While I would have loved to see TPG entering the mobile market to bring some good competition to it, in the end business sense has prevailed and Vodafone and TPG have decided to look at merging the two companies. The market has long been dominated by egos and that has made it difficult sometimes to make rational business decisions. In this  case it is indeed a very rational decision, but we will have to wait and see how it will be implemented in the market. It won’t be easy.

While it has been fairly clear for decades that telecoms, in the way the major telco players bring it to the market, is largely a commodity product – in spite of the fact that the telcos and the investment industry have always talked it up as a technology market, with potentials like the Googles, Facebooks and other over the top telco (OTT) operators.

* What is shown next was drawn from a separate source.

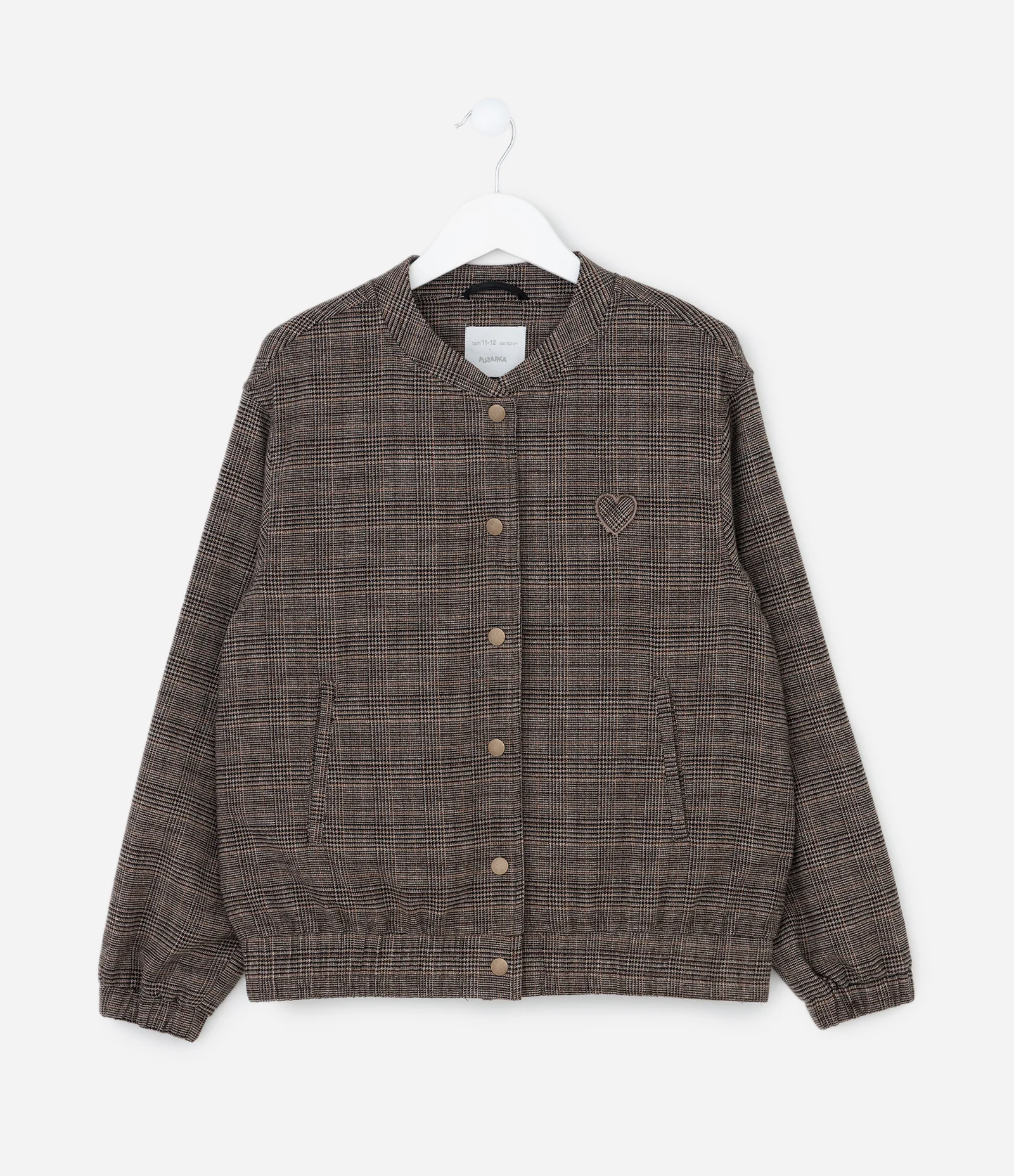 Jaqueta Infantil Bomber em Oxford Xadrez – Tam 5 a 14 Anos Marrom 1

However from the very beginning the telcos have been unable to make any headway in these markets beyond the basic services. Their overriding business position has always been to protect its existing business for as long as possible, and moving into the OTT would mean cannibalisation. To address this they built their so-called ‘closed content gardens’ both in relation to internet-based services as well as mobile content services. In all these attempts they have failed miserably and every time it once again became clear that they are good at running a utility, but beyond that was a different ball game altogether.

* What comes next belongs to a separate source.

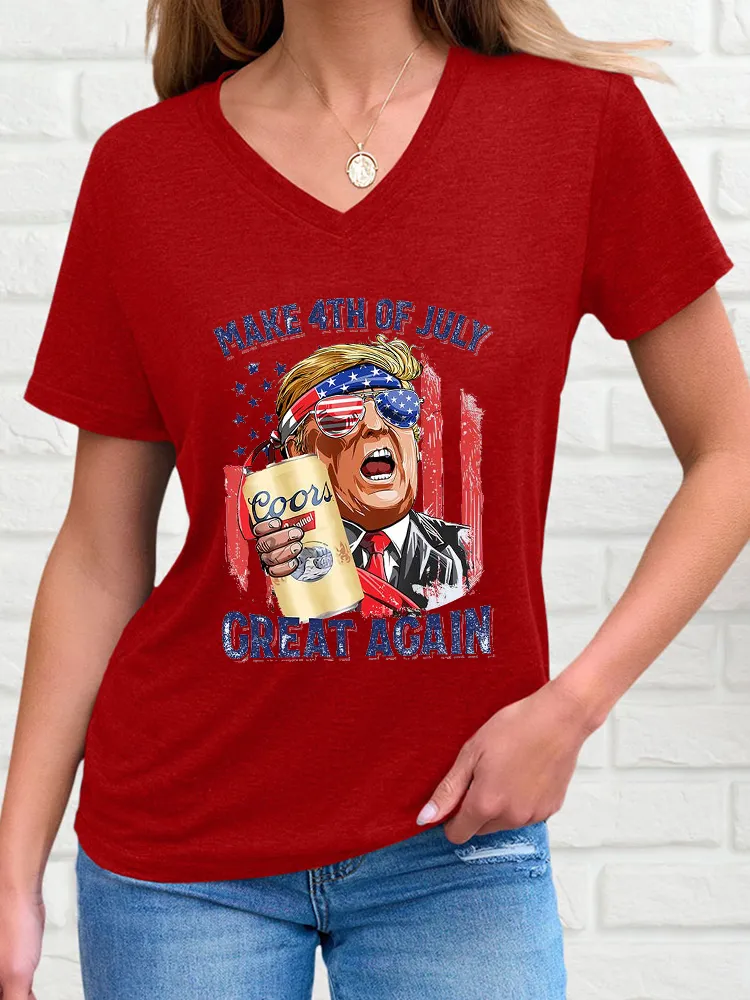 Woman'S Make 4Th Of July Great Again V-Neck And Short Sleeves T-Shirt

This, of course, has put them further behind in the overall market, where the OTT players have not only taken possession of the value-added market, but have also made inroads into basic telecoms services, which are now largely provided by companies such as WhatsApp, Skype and Facebook.

On top of this Vodafone/Hutchison has had a very checkered history in the mobile market.  At the very beginning (1990s) they failed to start with what at that time was the prevailing 1G mobile generation service. Optus, for instance, started to resell the Telstra 1G services and as such was able to build up a customer base they could migrate to their 2G network when that was ready to be launched. In the 20 years since that time Vodafone has never been able to close the mobile market share gap with Telstra and Optus.

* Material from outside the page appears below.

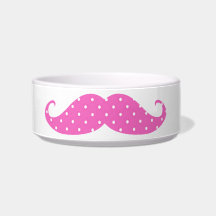Funny Hot Pink Girly  Polka Dots Moustache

Hutchison started to build a GDPR mobile data network, which never really took off as 3G was at that time enough for most users using mobile data. In all, they lost perhaps $2 billion before they merged with Vodafone.

And then there is the latest disaster with Vodafone, shortly after the smartphone was introduced in 2007/2008. They had totally underestimated the demand for mobile data and their network collapsed in a spectacular fashion. It took them years to get on top of this. In the process they lost over a third of their customers and it is nearly impossible to win these customers back in such a competitive market.

So the merger with TPG will boost the overall subscriber numbers again. At the same time TPG faced the reality that building out a new mobile network after they acquired the spectrum for it is a very costly exercise and it was, for obvious reasons, very difficult for them to negotiate access with the other operators. So this merger is going to save them lots of money, something the share market already likes.

In that respect it is a win-win situation for both companies. However, it will not be without problems. The big fear in the market was that TPG would start a real price war in the market. This will become less likely now, as in the merged situation they wouldn’t want to cannibalise the Vodafone customer bases – that would lead to an immediate decline in revenue. Telstra and Optus will be delighted with this as competition will now be less severe.

While there certainly is synergy between the two companies, at the same time the positioning of their products, their branding and their marketing are very different. It will be very interesting to see how this works out. Will they maintain two different entities with two different brands? Time alone will tell.

And obviously the ACCC will also have a say in this, so there will be interesting times ahead for both companies and indeed for the telecoms market as a whole.